During his recent visit to Duke University’s Center for Documentary Studies, Roger Hodge, the former editor of Harper’s, delivered a talk on the paperless future of long-form journalism, which can be viewed here. Given our interest and investment in the prospects for writing and reading online, and our efforts to adapt the magazine format for the Web, we thought it worth our attention. Hodge’s speech, “Decline and Fall,” begins with a caveat: “It’s a requirement of anyone who’s in the magazine industry, especially as an editor, that you be upbeat about the prospects of magazines.” Since his unceremonious dismissal from Harper’s in January, that proviso no longer applies to Hodge, and so he proceeds to run through the numbers: Harper’s circulation is down 7.2%; the sector as a whole is down 35%; TV Guide was sold in 2008…for $1. His verdict: “It is baaad out there.”

Saying as much no longer makes one an apostate, of course. But Hodge—a confessed Luddite who was nonetheless instrumental in building the Harper’s website—goes on to do more than rehearse the most current, daunting conventional wisdom. He offers an eloquent, bleak, elegiac, funny, contrarian take on the forces that have led to the magazine-publishing industry’s collapse, and the concomitant diminution (in funding, in cultural weight) of long-form narrative journalism. Hodge defends the value of independent journalistic institutions, which act as buffers against powerful corporate and governmental interests—in ways that an individual reporter’s brand of one cannot. And yet responsibility for their loss cannot be assigned to technological determinists alone. “We’ve chosen to follow an economic, and social, and political path of least resistance that destroys our traditions and our modes of life and our canons of thought,” Hodge says. “If we continue down this path, we will find ourselves stranded on a Cartesian grid with no landmarks, and with no consolation.”

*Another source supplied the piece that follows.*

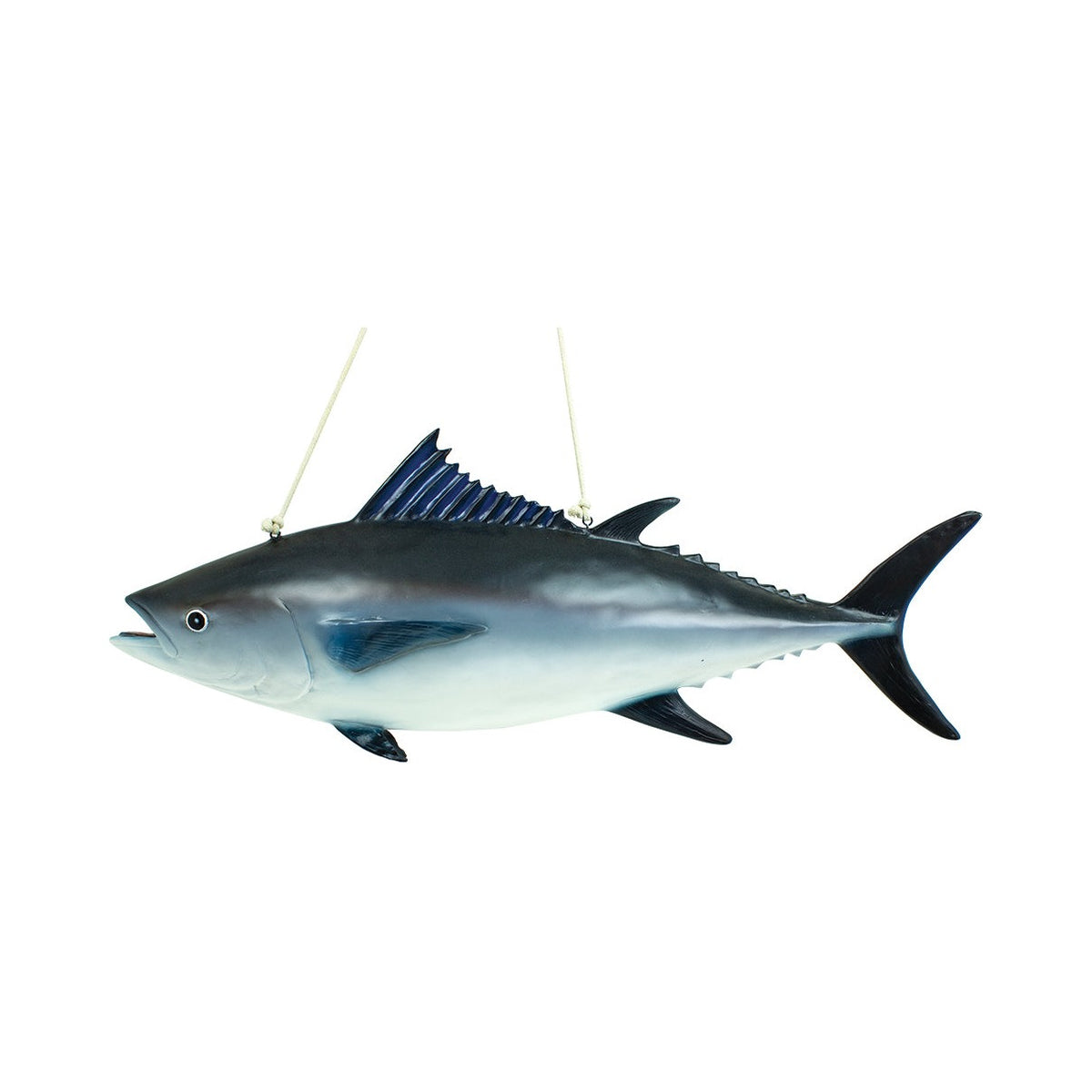 Tuna Fish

And what about those who would just as soon see that grid cast aside? They’re as willfully detached from political realities as their even more radical brethren, those “techno-utopians [who] prophecy the coming of the singularity,” and believe in some ill-defined future in which they will “leave our fallen meat space forever as they upload their minds into this glorious neural net in the sky—or something like that.”